Unter Deck hatte der Veranstalter etwa 8 Separées, auch Playrooms genannt, aufgebaut. Diese waren jeweils ca 6 - 8 qm groß, durch undurchsichtige Stoffbahnen abgetrennt und beispielsweise mit einem Bett mit Latexbettwäsche, einer Streckbank, einem Pranger, einem Strafbock oder auch einem gynäkologischen Stuhl ausgestattet. Eine Art Aufseher sorgte dafür, dass die Pärchen bzw. die Spielenden ungestört von neugierigen Blicken ihren Spaß hatten. Man konnte zwar nichts sehen, aber die Phantasie wurde vom Geräusch der Peitschenschläge auf die nackte Haut sowie dem Luststöhnen links, rechts, vorne und hinten dafür um so mehr angeregt. Besonders vor dem Gyn-Stuhl Playroombildeten sich teilweise regelrechte Warteschlagen. Auf Nachfrage erklärten uns zwei Pärchen, dass sie schon lange vorhatten, es einmal auf einem solchen Stuhl zu treiben, leider aber bisher keine Gelegenheit dazu hatten. Wie uns wir nachher im Vorbeigehen durch ihre lauten Lustschreie überzeugen konnten, schienen sie auf dem Torture Ship endlich auf ihre Kosten zu kommen. Aber nicht nur in den Separées, sondern auch in der sog. Chill-Out Area (= "Erholungsbereich ohne Musik"), in der Disco unter Deck sowie auch bei der Open-Air Tanzfläche konnten wir eine Vielzahl von Pärchen beobachten, wie sie ganz ungeniert Lümmel aussaugten, eine "Handentspannung" verabreichten oder auch richtig (z.B. an der Schiffsreeling) bumsten. Und direkte daneben, auf der gleichen Bank wie z.B. in der U-Bahn, saßen andere Leute, die sich daren überhaupt nicht störten. Das ist Toleranz!

Es ist uns doch gelungen, ein Foto zu machenIm Gegensatz zu vielen anderen Fetish-Events (wie z.B. in der Berliner Disco KitKatClub), war hier das Verhältnis von Girls und Boys sehr ausgewogen. Besonders angenehmen war die praktisch völlige Abwesenheit von Spannern, die nur wichsend in der Ecke stehen oder sich gar ungefragt handgreiflich einmischen. Vielleicht mag das auch an dem hohen, aber angemessenen Eintrittspreis von 60,-- Euro (Abendkasse 75,-- Euro) pro Person gelegen haben. Auch an dem zur Schau getragenen z.T. sehr ausgefallenen Fetish-Outfit merkte man schon, dass es sich bei den Partygästen nicht um "Möchtegerns" handelte, die - vorallem die Boys - glauben, mit einer normalen Jeans und nacktem Oberkörper schon dem Fetish-Dresscode zu genügen.
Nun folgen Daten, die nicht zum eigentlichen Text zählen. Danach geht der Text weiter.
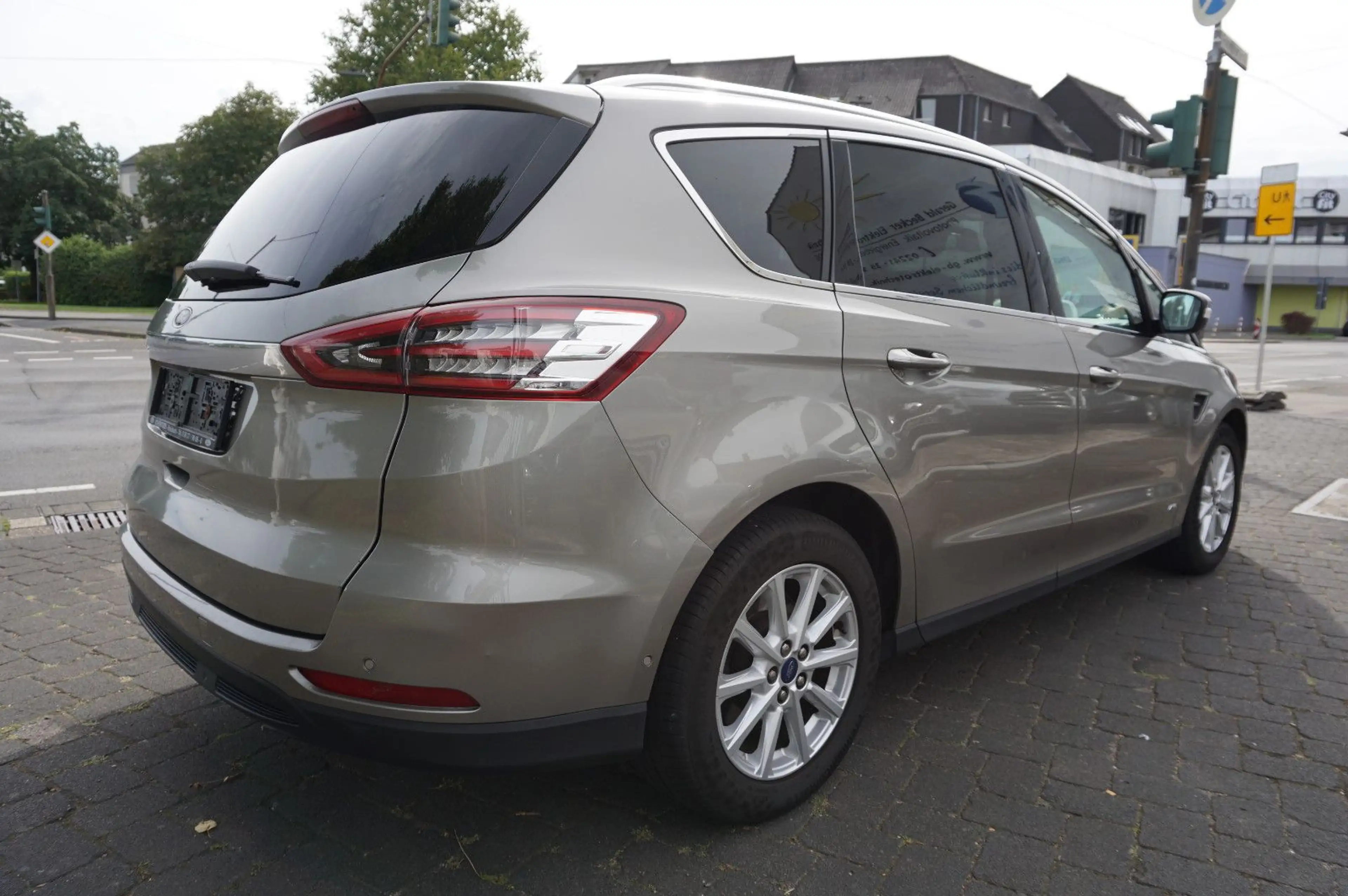 Ford S-Max S-MAX Titanium AWD 2-Hand/ 7 Sitze/Allrad! — photo 5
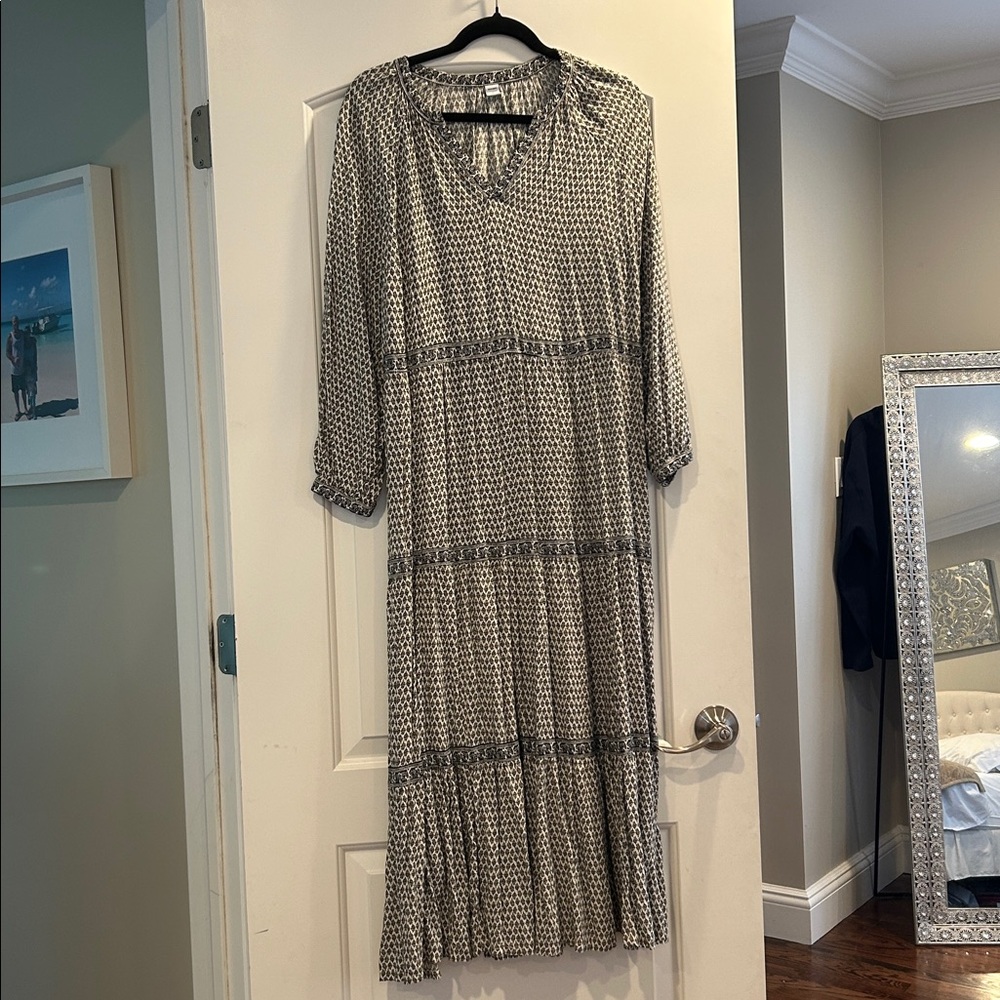 Old Navy Black and White Printed Maxi Dress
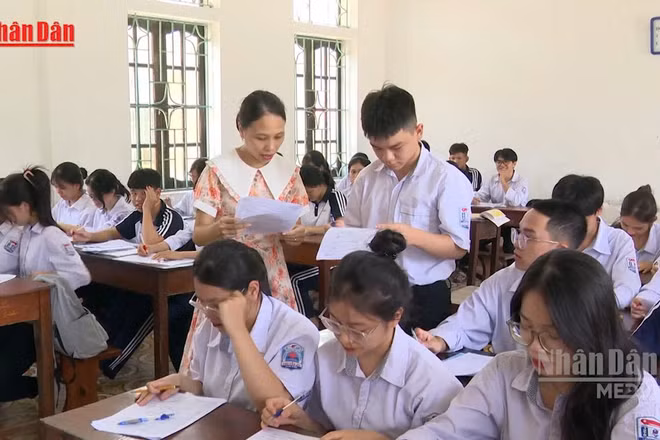 [Video] Hà Nội cấm dạy thêm, học trước chương trình trong hè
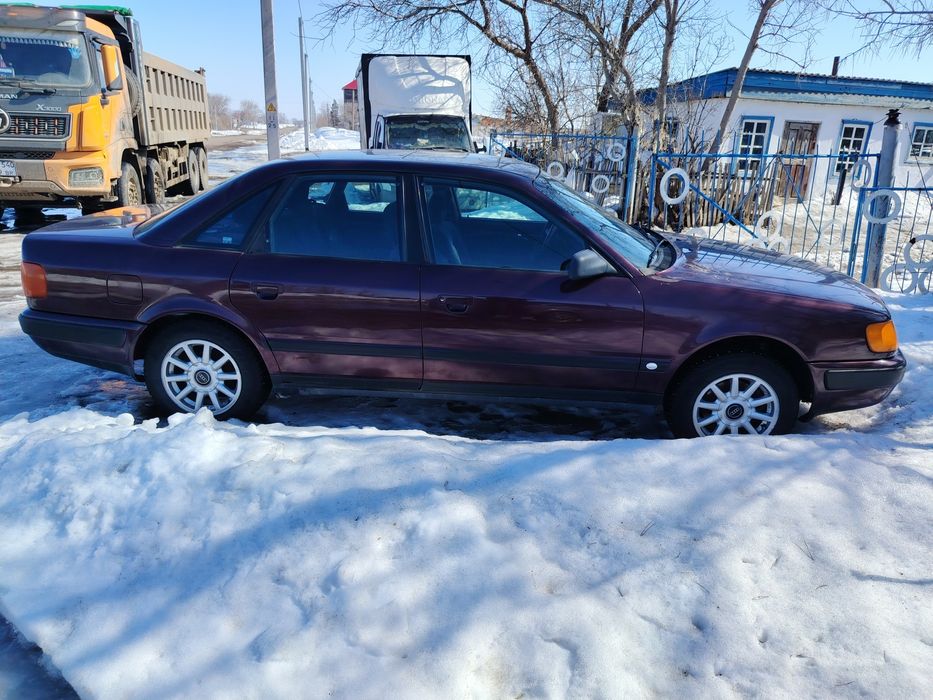 ПродамAUDI100c4.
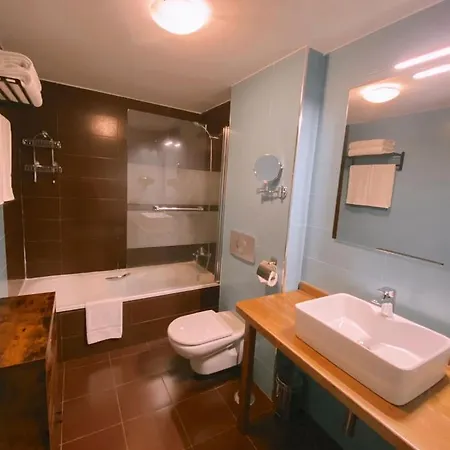 Rural Candela Y Plata Hotel 3*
Angenehm empfanden wir auch das Fehlen von gewerblichen Dominas, die hier für Bargeld ihre Dienste anbieten. Zwar trafen wir auf dem Torture Ship die Domina und Klinik-Spezialistin Dr. cl. h.c. Madame Cartier aus Norderstedt bei Hamburg, welche wir am Vortag für erotik.de interviewt hatten (Fotobericht folgt), jedoch war sie bereits zusammen mit einem Gast (Anfang 50, mit Lederhose und einem Metall-Harness auf dem Oberkörper) angereist und "kümmerte" sich nur um diesen.

Gegen 3.00 Uhr morgens kehrte das Torture Ship MS Max Brauer wieder zu den Landbrücken zurück. Ein aufregender und äußerst kurzweiliger Schiffsausflug ging zu Ende. Einige der Gäste nahmen noch den Shuttle-Bus zur After-Show Party in der Betty-Ford-Klinik, einem Dance- und Fetish-Club in Hamburg. Die meisten Partygäste aber machten sich auf den Heimweg, um den Rest der Nacht in einer ganz privaten Session ausklingen zu lassen. Und jetzt wollt Ihr sicher wissen, was wir noch gemacht haben ? ;-)

Fazit:
Ein Besuch der Party, die wieder im Juli 2003 stattfindet, lohnt sich sowohl für den Fetish/SM Einsteiger, die hier Kontakte zur "Szene" knüpfen möchte, wie für das "erfahrene" und vielleicht auch zeigefreudige Paar, das gerne mal an einem ungewöhnlichen Ort eine Session machen will. Der Preis von 120,-- Euro (bzw. 150,-- Euro an der Abendkasse) pro Paar plus Übernachtung und Anreise ist zwar schon "nicht ohne", wird jedoch durch die besondere Stimmung und die Umgebung gerechtfertigt. Aus unserer Sicht hätte der Veranstalter nichts mehr besser machen können. Ein Lob von erotik.de!